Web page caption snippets
——

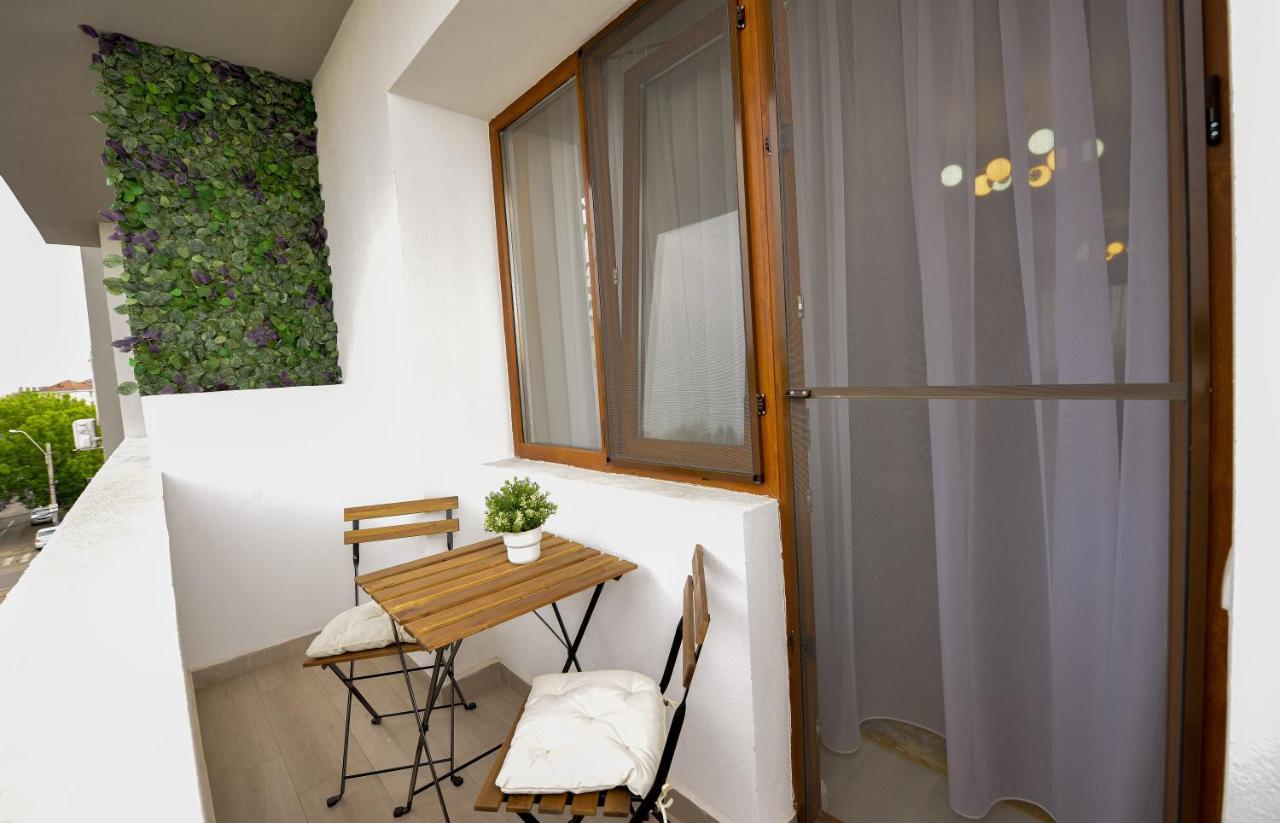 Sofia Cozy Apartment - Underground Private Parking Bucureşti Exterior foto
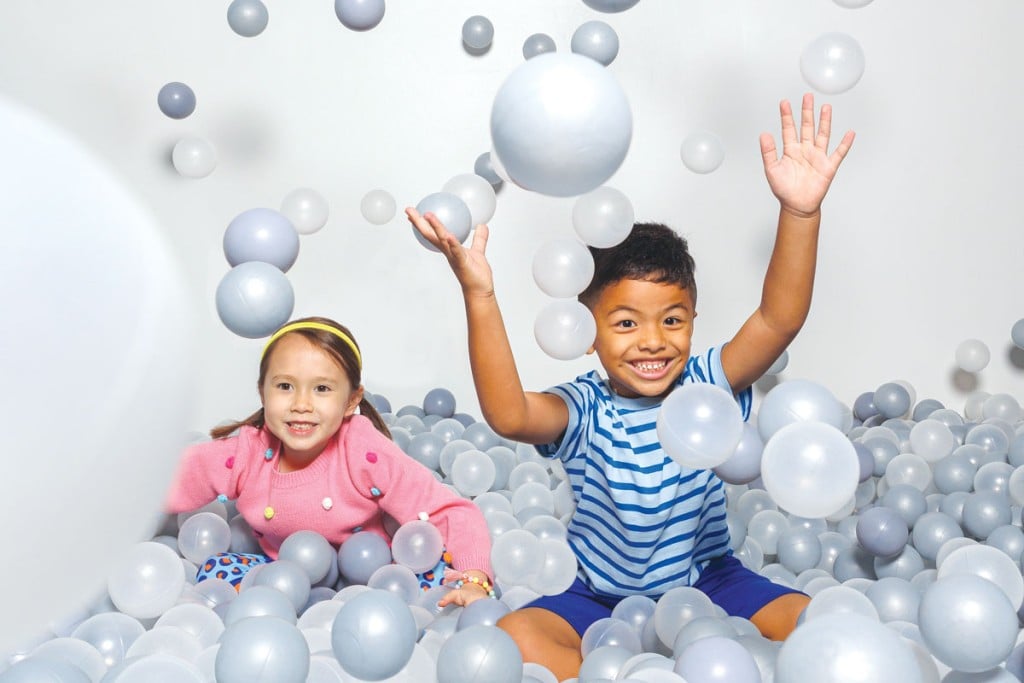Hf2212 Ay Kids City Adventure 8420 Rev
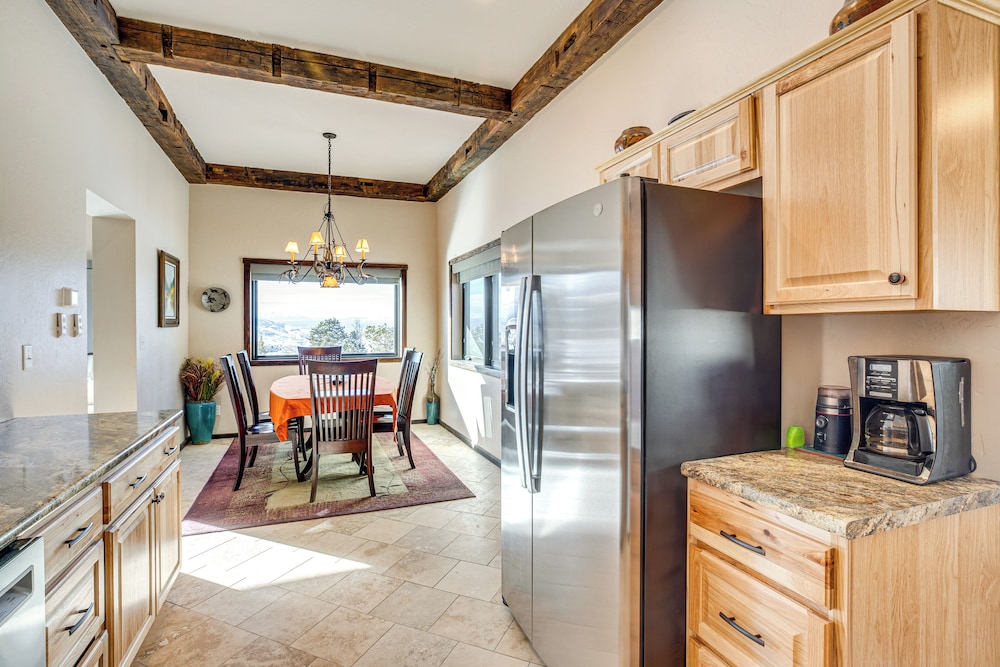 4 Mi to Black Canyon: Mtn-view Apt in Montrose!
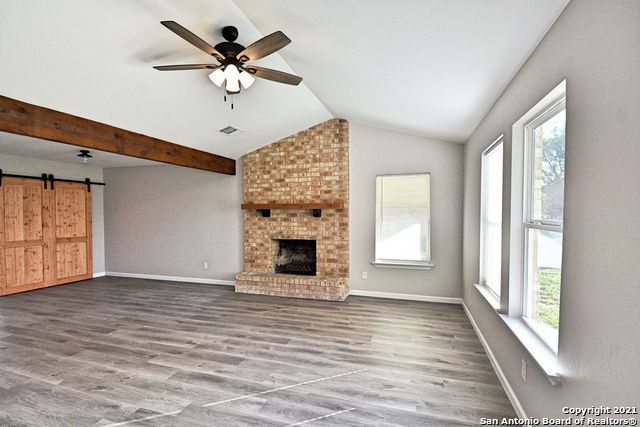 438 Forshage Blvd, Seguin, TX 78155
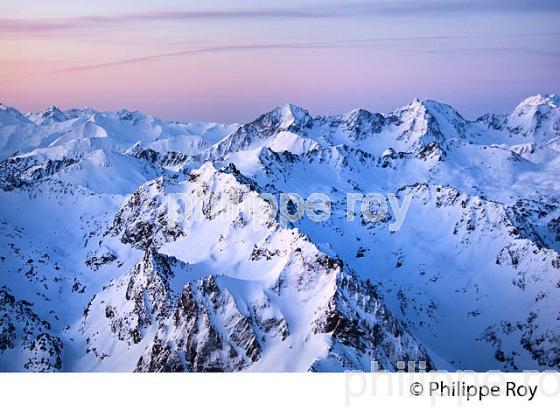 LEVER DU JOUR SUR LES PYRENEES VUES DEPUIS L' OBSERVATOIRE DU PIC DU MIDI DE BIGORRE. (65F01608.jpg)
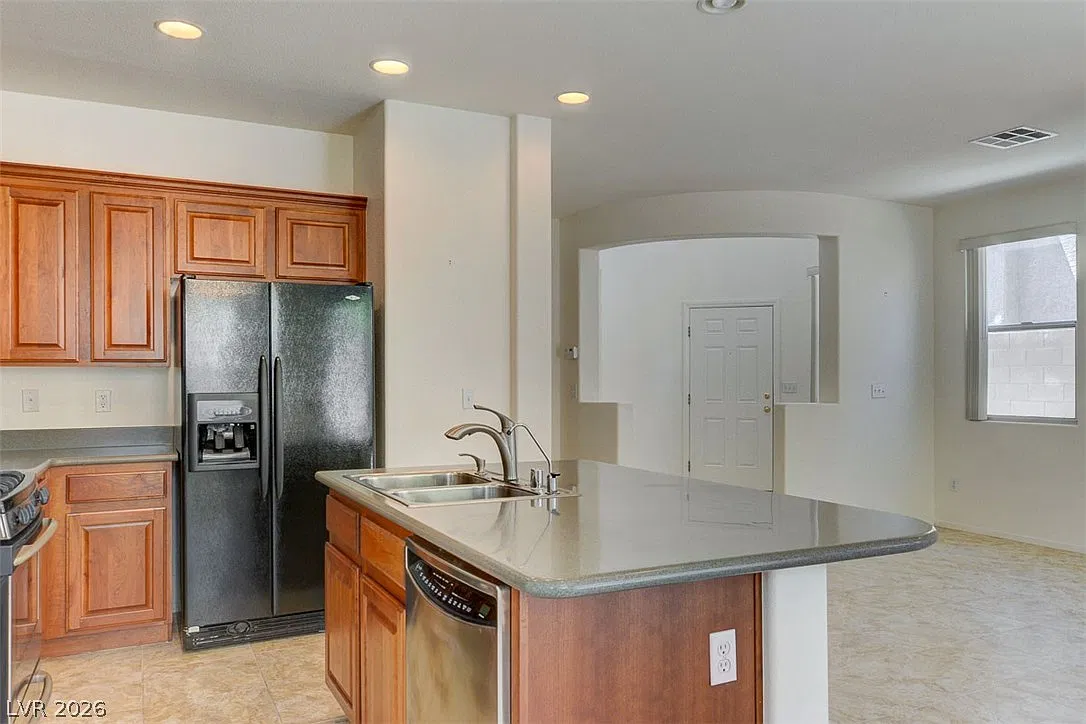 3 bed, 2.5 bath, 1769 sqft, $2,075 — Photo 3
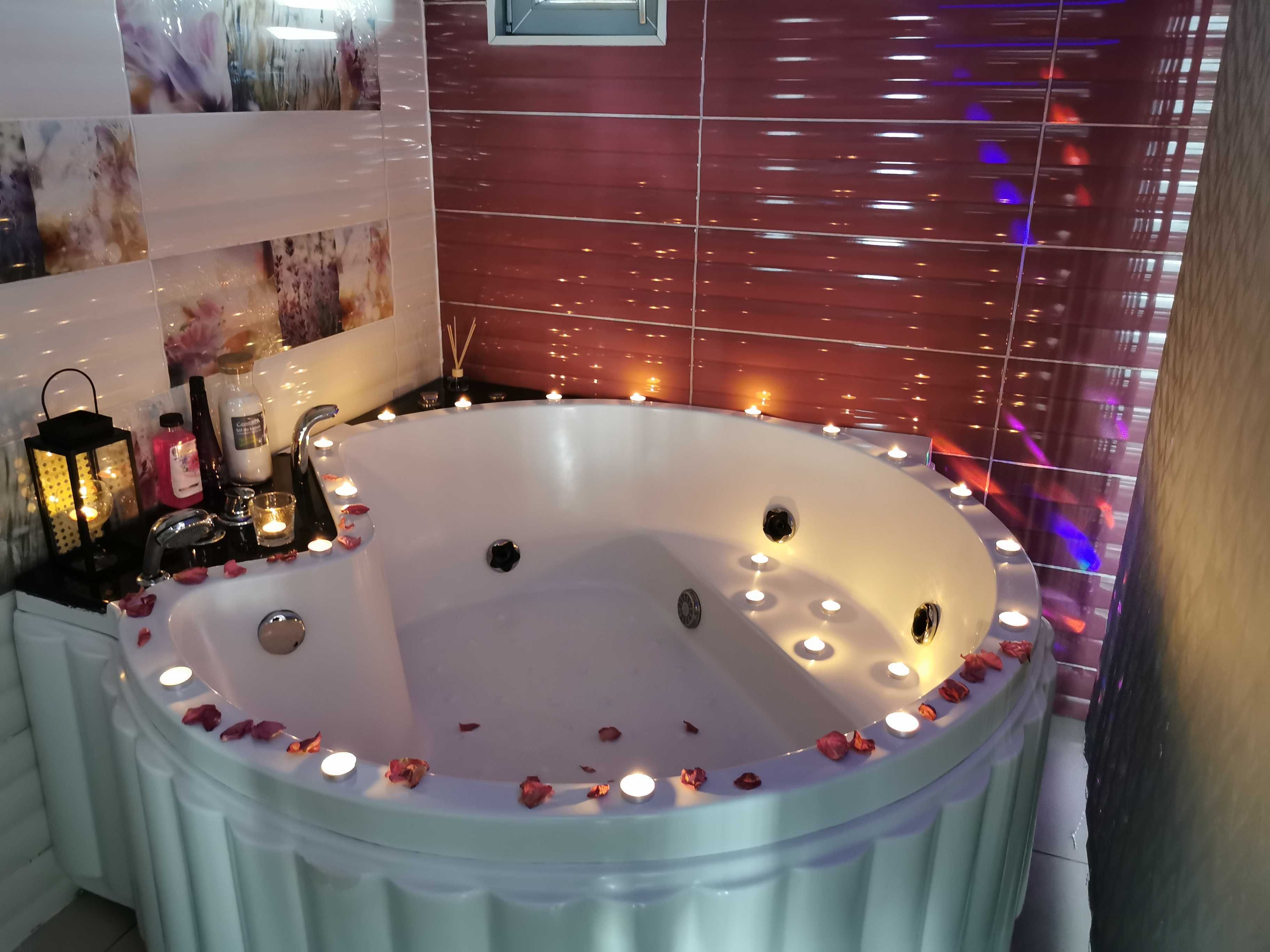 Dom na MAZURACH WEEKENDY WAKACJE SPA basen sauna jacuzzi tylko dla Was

——

Prompt »
What is needed is every entry written out word for word, with no pictures.

Answer section »
 Sofia Cozy Apartment - Underground Private Parking Bucureşti Exterior foto
Hf2212 Ay Kids City Adventure 8420 Rev
 4 Mi to Black Canyon: Mtn-view Apt in Montrose!
 438 Forshage Blvd, Seguin, TX 78155
 LEVER DU JOUR SUR LES PYRENEES VUES DEPUIS L' OBSERVATOIRE DU PIC DU MIDI DE BIGORRE. (65F01608.jpg)
 3 bed, 2.5 bath, 1769 sqft, $2,075 — Photo 3
 Dom na MAZURACH WEEKENDY WAKACJE SPA basen sauna jacuzzi tylko dla Was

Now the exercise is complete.